I don’t know if I should call it old school or if people have forgotten what it is to treat somebody they like but as for me I was always taught to show how you feel all while being a respectable person. For me if I like someone I show them by romanticizing them, making little things such as mixed tapes and write them little notes or letters (I love snail mail), to me this is not only special but something that should be done.
Recently it has been brought to my attention through a series of events that I am not who I say I am or the person a certain someone thought I was...
That I use the same tactics and make girls/women feel special by making them these mixed CDs, writing cute little notes and cook for them.
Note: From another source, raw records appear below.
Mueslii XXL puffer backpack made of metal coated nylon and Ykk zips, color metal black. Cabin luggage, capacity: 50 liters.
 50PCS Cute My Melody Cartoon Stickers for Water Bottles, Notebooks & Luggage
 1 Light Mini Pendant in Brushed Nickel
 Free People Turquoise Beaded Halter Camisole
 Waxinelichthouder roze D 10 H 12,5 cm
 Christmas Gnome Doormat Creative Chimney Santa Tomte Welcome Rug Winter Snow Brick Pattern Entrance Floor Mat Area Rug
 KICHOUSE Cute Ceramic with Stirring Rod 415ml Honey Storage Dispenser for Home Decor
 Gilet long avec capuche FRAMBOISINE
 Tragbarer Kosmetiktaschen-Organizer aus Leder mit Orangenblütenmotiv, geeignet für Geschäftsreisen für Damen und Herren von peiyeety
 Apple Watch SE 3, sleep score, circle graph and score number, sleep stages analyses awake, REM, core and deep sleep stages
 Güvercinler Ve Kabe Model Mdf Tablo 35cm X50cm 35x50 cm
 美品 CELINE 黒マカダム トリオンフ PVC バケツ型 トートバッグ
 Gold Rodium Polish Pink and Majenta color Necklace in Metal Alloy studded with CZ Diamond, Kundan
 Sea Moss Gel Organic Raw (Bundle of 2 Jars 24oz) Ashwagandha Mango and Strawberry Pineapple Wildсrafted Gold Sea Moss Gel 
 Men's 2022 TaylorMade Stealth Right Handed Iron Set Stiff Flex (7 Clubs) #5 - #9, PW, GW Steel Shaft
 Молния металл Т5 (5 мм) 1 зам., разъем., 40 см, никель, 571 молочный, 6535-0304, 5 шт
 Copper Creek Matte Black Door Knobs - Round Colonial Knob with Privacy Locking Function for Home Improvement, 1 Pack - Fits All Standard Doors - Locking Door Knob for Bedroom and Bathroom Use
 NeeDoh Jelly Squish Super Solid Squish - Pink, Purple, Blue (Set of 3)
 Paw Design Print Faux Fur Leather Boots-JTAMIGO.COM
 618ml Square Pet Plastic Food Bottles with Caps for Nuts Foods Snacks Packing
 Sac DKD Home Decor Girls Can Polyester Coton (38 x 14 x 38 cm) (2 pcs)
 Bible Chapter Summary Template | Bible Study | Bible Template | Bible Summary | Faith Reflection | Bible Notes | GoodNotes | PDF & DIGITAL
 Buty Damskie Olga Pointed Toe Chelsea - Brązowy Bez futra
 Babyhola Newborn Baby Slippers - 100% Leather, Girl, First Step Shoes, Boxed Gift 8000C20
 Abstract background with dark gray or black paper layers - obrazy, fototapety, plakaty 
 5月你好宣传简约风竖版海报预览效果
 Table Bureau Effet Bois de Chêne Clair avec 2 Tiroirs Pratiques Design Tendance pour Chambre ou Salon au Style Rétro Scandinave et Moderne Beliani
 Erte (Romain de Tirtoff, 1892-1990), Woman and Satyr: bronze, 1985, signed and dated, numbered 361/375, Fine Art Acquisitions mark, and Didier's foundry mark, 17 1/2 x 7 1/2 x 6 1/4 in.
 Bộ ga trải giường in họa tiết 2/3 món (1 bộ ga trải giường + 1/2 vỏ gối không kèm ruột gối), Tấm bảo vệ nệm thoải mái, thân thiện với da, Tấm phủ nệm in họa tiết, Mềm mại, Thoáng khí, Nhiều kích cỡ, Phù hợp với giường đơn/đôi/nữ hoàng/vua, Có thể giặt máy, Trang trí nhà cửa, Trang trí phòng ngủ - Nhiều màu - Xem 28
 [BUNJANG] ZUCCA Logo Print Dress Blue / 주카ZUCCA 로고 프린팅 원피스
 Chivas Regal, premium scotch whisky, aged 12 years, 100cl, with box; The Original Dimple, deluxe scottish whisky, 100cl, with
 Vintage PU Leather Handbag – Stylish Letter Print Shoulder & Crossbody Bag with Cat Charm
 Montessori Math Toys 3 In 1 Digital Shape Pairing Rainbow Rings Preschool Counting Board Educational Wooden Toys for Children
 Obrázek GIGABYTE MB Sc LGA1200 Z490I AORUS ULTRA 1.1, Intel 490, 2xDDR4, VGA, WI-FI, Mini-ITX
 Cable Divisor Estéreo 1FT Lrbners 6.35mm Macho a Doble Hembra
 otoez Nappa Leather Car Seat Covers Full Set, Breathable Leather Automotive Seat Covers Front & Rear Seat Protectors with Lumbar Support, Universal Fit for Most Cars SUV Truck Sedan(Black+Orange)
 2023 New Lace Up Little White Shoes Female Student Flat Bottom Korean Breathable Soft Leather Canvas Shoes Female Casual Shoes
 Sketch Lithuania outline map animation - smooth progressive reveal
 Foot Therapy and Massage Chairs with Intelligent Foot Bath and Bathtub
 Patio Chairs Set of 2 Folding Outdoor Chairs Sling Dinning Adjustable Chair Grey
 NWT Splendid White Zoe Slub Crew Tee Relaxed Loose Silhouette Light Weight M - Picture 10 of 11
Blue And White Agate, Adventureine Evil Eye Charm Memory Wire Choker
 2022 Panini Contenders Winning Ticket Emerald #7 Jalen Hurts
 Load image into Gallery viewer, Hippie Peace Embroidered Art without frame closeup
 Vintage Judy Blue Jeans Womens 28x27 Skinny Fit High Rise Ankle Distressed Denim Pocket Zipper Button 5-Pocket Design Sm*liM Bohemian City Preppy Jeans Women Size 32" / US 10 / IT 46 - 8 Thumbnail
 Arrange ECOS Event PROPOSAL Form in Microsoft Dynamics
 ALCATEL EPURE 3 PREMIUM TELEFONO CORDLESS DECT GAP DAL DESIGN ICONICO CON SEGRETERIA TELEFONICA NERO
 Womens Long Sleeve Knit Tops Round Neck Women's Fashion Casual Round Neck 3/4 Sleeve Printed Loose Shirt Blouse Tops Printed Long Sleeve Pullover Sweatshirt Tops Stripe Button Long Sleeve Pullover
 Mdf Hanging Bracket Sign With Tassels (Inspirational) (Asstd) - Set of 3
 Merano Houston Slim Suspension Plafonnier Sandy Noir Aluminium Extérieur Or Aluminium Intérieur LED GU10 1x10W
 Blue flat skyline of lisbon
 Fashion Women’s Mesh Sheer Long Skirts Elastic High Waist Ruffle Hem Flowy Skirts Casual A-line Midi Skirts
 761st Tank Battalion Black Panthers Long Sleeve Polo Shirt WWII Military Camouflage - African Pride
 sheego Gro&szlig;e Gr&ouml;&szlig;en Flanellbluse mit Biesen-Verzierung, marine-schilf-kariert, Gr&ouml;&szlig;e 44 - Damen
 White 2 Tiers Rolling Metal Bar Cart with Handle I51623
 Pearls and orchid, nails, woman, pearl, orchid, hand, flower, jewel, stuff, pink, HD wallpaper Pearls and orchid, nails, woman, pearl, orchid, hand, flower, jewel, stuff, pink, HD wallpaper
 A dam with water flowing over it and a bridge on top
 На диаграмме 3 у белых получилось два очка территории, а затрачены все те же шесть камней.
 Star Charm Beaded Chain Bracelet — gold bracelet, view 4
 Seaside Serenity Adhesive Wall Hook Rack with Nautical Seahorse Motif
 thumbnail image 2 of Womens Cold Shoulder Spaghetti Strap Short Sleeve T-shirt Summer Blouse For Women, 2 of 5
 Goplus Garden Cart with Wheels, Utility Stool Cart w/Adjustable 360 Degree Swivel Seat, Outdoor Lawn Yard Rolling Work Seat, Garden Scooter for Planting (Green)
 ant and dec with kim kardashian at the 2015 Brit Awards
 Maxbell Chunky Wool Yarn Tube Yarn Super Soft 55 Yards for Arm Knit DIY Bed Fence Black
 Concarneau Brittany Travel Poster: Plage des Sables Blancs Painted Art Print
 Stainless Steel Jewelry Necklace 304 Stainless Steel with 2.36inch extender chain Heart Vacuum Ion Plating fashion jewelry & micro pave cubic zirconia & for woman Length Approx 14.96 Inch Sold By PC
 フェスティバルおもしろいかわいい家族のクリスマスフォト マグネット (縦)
Truth, maybe I do use the same tactics but each person I meet and start something with is different. And who doesn't want to treat who they're with special? No one person is the same, just like I don't treat everyone the same. Yes, certain aspects because I am a creative soul so I like making things. I make mixes because I not only enjoy music but because I like to make the people I'm with feel how I am feeling though music. I have never once re-gifted a previous mix made for someone else because they aren’t the same feelings. I couldn’t have all the same songs or letters or words for them.
For each beautiful soul that enters my life I like learning about them and opening up, sharing not only myself but the experiences and getting to know each other because even if we move on from one another at least I can say I gave them me, I showed them the real Loren and if they walk away or realize they want something else it’s because we weren’t meant for each other and I tried the best that I could and that we had our moment, that we were meant for our moment that we shared. And in those moments I am given, I will forever look into the eyes of the one I’m with and let them know that they are special and that they are the person I want to be with in that moment.
Another argument is how could I fall for someone and then walk away so easy...? Easy, I don’t like being taken advantage of, I’m tried of giving myself and watching people somersalt into their actions. Don’t share things with me and have an underlining issues that you don’t let surface till after sharing parts of yourself with me. I realize we will have many people enter our lives who will excite us, challenge us, frustrate us, make us laugh till we feel like we have a six pack and when we do, I fully embrace it for I want to grow and know what it is like to feel. But when I think about who I want to be with at the end of my days it’s someone who is going to make me smile and reflect on the world not having to argue, yell at or wonder what if you are telling me the truth or are you yet again fabricating the truth. I want to end up with my best friend and when you are best friends things fall into place giving you a feeling of peace. Yes, I know there will be ups and down for nothing is ever easy because “anything worth having isn’t easy and anything easy isn’t worth having.”
All in all, I am happy the way I treat women and if someone thinks I don’t... then it’s their loss.
Totally needed to read this today. Keep it up! Awesome and true.